Joanna Joy Bryson (born 1965) is professor at Hertie School in Berlin. She works on Artificial Intelligence, ethics and collaborative cognition. She has been a British citizen since 2007.

== Education ==
Bryson attended Glenbard North High School and graduated in 1982. She studied Behavioural Science at the University of Chicago, graduating with an AB in 1986. In 1991 she moved to the University of Edinburgh where she completed an MSc in Artificial Intelligence before an MPhil in Psychology. Bryson moved to MIT to complete her PhD, earning a doctorate under Lynn Andrea Stein in 2001 for her thesis "Intelligence by Design: Principles of Modularity and Coordination for Engineering Complex Adaptive Agents". In 1995 she worked for LEGO Futura in Boston, and then in 1998 she worked for LEGO Digital as an AI consultant with Kristinn R. Thórisson on cognitive architectures for autonomous LEGO characters in the Wizard Group. She completed a postdoctoral fellowship in Marc Hauser's Primate Cognitive Neuroscience at the Harvard University in 2002.

== Career ==
Bryson joined the Department of Computer Science at the University of Bath in 2002. At Bath, Bryson founded the Intelligent Systems research group. In 2007 she joined the University of Nottingham as a visiting research fellow in the Methods and Data Institute. During this time, she was a Hans Przibram Fellow at the Konrad Lorenz Institute for Evolution and Cognition. She joined Oxford University as a visiting research fellow in 2010, working with Harvey Whitehouse on the impact of religion on societies.
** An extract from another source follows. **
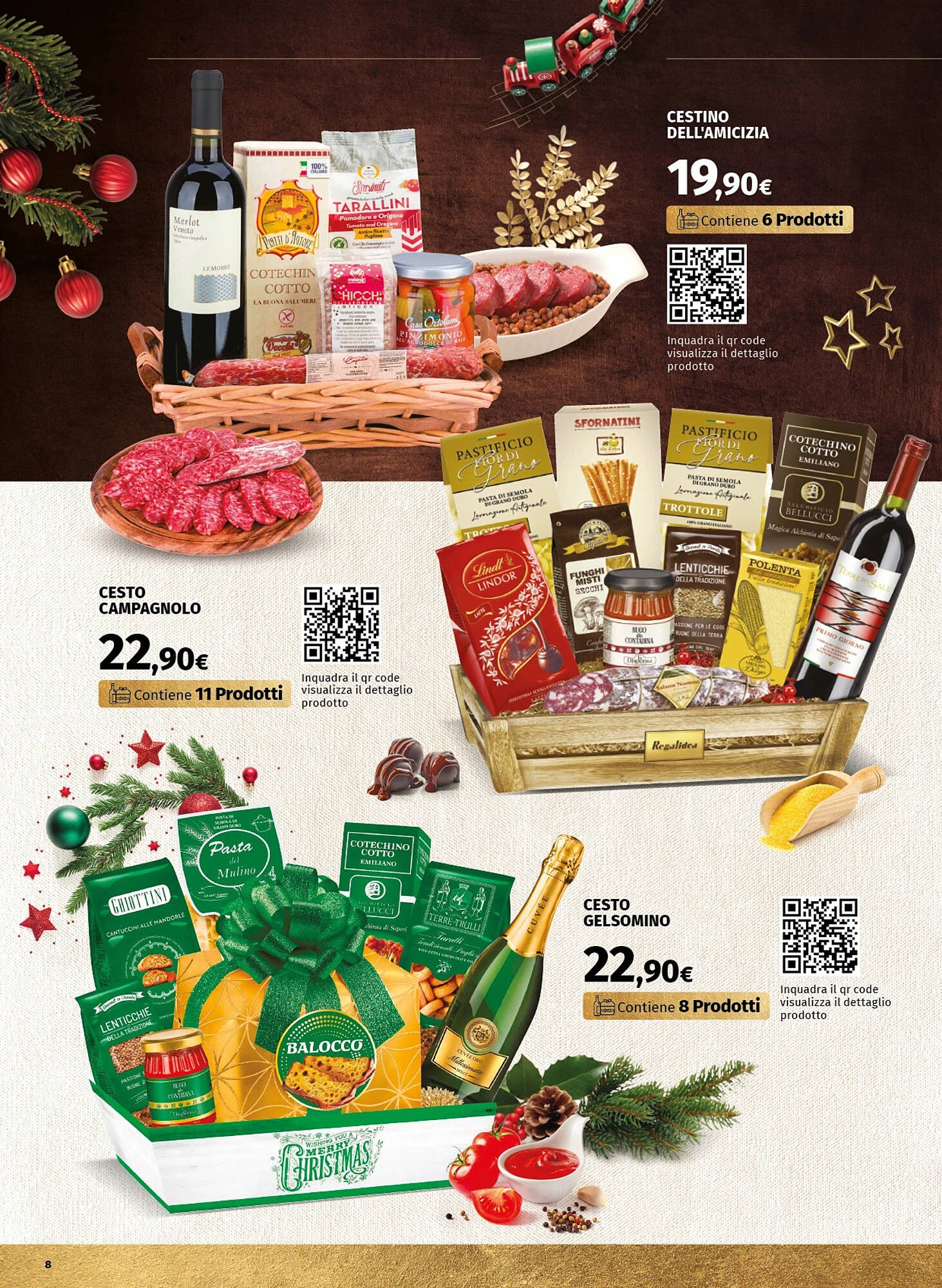 Volantino Coop (2025-12-01 - 2025-12-24)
In 2010 Bryson published Robots Should Be Slaves, which selected as a chapter in Yorick Wilks' "Close Engagements with Artificial Companions: Key Social, Psychological, Ethical and Design Issues". She helped the EPSRC to define the Principles of Robotics in 2010. In 2015 she was a Visiting Academic at the University of Princeton Center for Information Technology Policy, where she remained an affiliate through 2018. At CITP she worked on "Standardizing Ethical Design for Artificial Intelligence and Autonomous Systems" and coauthored a seminal paper on algorithmic bias with Aylin Caliskan and Arvind Narayanan. In 2020 she became Professor of Ethics and Technology at Hertie School of Governance in Berlin.

== Public engagements ==
Bryson's research has appeared in Science and on Reddit. She has consulted The Red Cross on autonomous weapons and contributed to an All Party Parliamentary Group on Artificial Intelligence.

In 2022, Bryson published an article for Wired magazine titled "One Day, AI Will Seem as Human as Anyone. What Then?". In the article, she discussed the current limits of and future of AI, how the general public define and think about AI, and how AI interacts with people via language and touches upon the topics of natural language processing, ethics and Human-computer interaction. Bryson also discusses the recent EU AI Act.

== Honors and awards ==
In 2017, Bryson won an Outstanding Achievement award from Cognition X. She regularly appears in national media, talking about human-robot relationships and the ethics of AI. In 2025, Bryson was one of the awardees of Doctorats Honoris Causa by UCLouvain in celebration of the university's 600th anniversary.